If you just completed the model.fit step, you don’t need to load the model. However, if you trained separately and want to use the same model file, you need to load the model. Also, to predict tomorrows price, you need to provide the price up to today as the input data

Thank you for the tutorial, I have one question. When reviewing the out-of-sample prediction, Bitcoin price for tomorrow. The section that prints the Prices for the last 5 days doesn’t appear to be correct. I’m trying to find any of those prices in the csv file, but they aren’t there. So they do not appear to be the correct prices for the last 5 days. Am I missing something?

Can you please provide a link to the csv file you are using? The model should normalize the provided dataset and before printing the price for last 5 days, inverse transforms the normalized list to give values approximately equal to the ones in the last 5 rows of the dataset.

https://file.io/yZIiBN

https://file.io/nRMnes

Here’s the csv file and a screenshot of an edited version of your code. Instead of using a CSV I’m calling an API to load the data. I can upload the whole code if you want too. Either way, I’m having a hard time reconciling the last 5 days prices back to any of the input datasets. Thank you for your help researching!
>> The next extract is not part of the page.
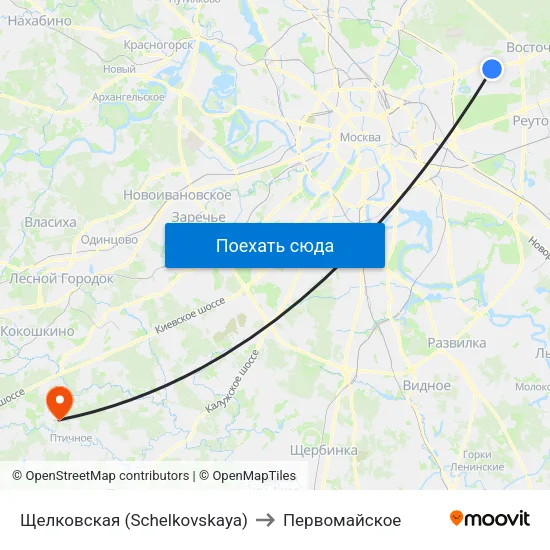 Щелковская (Schelkovskaya) to Первомайское map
At the beginning of our code, we are using MinmaxScalar from the scikit-learn library which transforms features by scaling each feature to a given range. We train the RNN on the data with input range 0 to 1 and later inverse transform the results to get back to the original amount. However, if the data is not normally distributed, the inverse transform after transform method does not give an exact original amount. Your output seems to be reasonable for the input csv file used. I hope that cleared your query. Glad to help! Please let me know if there’s more.